#### TASK INPUTS
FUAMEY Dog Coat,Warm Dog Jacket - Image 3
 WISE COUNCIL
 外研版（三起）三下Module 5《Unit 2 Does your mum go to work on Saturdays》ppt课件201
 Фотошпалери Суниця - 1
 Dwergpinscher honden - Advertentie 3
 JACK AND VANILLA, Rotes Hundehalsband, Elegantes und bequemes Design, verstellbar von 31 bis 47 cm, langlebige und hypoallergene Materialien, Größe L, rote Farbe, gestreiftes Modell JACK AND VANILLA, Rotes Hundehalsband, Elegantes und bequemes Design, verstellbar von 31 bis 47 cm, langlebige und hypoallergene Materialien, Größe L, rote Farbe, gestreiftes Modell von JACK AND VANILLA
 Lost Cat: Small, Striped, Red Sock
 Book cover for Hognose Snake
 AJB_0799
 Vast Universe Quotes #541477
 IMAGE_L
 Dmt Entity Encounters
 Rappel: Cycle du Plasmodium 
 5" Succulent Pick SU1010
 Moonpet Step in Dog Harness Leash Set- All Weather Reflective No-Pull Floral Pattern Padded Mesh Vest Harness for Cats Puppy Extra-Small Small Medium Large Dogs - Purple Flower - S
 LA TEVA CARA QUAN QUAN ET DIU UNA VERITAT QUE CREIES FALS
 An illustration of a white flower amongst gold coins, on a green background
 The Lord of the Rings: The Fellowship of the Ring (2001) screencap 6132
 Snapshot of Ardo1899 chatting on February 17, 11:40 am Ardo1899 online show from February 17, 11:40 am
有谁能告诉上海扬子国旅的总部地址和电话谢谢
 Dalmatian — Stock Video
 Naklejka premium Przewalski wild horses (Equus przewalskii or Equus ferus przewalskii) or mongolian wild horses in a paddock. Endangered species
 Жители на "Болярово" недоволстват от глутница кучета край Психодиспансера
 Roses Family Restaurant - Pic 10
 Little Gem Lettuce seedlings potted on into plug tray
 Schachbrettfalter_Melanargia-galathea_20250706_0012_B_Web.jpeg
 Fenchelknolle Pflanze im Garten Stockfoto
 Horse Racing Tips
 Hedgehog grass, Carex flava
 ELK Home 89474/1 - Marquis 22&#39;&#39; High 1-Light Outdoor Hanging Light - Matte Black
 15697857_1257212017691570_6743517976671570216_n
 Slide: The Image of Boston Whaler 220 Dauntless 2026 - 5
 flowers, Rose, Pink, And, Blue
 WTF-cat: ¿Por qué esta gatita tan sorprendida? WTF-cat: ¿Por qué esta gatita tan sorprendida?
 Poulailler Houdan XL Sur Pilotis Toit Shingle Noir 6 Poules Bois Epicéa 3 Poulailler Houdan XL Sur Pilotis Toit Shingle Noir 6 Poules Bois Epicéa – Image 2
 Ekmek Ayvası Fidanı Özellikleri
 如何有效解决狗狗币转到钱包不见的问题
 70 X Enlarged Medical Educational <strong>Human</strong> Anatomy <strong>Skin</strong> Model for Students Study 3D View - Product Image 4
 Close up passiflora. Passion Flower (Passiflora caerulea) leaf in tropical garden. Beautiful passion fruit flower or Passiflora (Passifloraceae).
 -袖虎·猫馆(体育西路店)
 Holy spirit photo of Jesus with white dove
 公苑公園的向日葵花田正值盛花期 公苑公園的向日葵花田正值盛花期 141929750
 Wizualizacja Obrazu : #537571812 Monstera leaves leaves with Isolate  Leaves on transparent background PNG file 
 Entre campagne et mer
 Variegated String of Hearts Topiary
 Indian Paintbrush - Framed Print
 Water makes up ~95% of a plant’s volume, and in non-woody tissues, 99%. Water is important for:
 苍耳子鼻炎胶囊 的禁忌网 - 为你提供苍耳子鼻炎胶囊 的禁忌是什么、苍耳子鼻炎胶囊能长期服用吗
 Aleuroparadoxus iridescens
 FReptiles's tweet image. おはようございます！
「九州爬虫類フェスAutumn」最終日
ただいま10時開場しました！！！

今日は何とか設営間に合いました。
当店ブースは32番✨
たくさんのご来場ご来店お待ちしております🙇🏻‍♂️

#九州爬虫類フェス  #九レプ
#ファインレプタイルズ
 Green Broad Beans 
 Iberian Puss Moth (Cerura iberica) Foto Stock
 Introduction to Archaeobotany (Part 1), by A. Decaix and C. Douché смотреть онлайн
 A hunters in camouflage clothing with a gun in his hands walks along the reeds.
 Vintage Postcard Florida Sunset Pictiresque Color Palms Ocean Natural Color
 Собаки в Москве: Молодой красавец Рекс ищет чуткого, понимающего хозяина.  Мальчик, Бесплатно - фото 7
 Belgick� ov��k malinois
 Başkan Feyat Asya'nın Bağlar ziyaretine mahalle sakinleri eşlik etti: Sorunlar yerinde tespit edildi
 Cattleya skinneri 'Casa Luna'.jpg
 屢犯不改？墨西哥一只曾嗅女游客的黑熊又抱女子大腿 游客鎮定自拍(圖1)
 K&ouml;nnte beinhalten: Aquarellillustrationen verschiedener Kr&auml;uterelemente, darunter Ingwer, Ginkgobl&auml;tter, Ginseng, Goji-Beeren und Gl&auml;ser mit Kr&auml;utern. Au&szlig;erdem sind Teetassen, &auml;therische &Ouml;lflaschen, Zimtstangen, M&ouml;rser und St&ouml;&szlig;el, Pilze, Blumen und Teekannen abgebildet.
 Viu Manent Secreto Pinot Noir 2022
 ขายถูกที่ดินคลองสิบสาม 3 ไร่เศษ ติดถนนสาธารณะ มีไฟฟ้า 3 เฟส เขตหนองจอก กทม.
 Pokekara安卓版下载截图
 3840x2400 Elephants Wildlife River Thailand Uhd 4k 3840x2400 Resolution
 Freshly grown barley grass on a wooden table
########
Transcribe only, please, the lines from the first line of the records through the line with "Naklejka premium Przewalski". Both of those lines are included.

FUAMEY Dog Coat,Warm Dog Jacket - Image 3
 WISE COUNCIL
 外研版（三起）三下Module 5《Unit 2 Does your mum go to work on Saturdays》ppt课件201
 Фотошпалери Суниця - 1
 Dwergpinscher honden - Advertentie 3
 JACK AND VANILLA, Rotes Hundehalsband, Elegantes und bequemes Design, verstellbar von 31 bis 47 cm, langlebige und hypoallergene Materialien, Größe L, rote Farbe, gestreiftes Modell JACK AND VANILLA, Rotes Hundehalsband, Elegantes und bequemes Design, verstellbar von 31 bis 47 cm, langlebige und hypoallergene Materialien, Größe L, rote Farbe, gestreiftes Modell von JACK AND VANILLA
 Lost Cat: Small, Striped, Red Sock
 Book cover for Hognose Snake
 AJB_0799
 Vast Universe Quotes #541477
 IMAGE_L
 Dmt Entity Encounters
 Rappel: Cycle du Plasmodium 
 5" Succulent Pick SU1010
 Moonpet Step in Dog Harness Leash Set- All Weather Reflective No-Pull Floral Pattern Padded Mesh Vest Harness for Cats Puppy Extra-Small Small Medium Large Dogs - Purple Flower - S
 LA TEVA CARA QUAN QUAN ET DIU UNA VERITAT QUE CREIES FALS
 An illustration of a white flower amongst gold coins, on a green background
 The Lord of the Rings: The Fellowship of the Ring (2001) screencap 6132
 Snapshot of Ardo1899 chatting on February 17, 11:40 am Ardo1899 online show from February 17, 11:40 am
有谁能告诉上海扬子国旅的总部地址和电话谢谢
 Dalmatian — Stock Video
 Naklejka premium Przewalski wild horses (Equus przewalskii or Equus ferus przewalskii) or mongolian wild horses in a paddock. Endangered species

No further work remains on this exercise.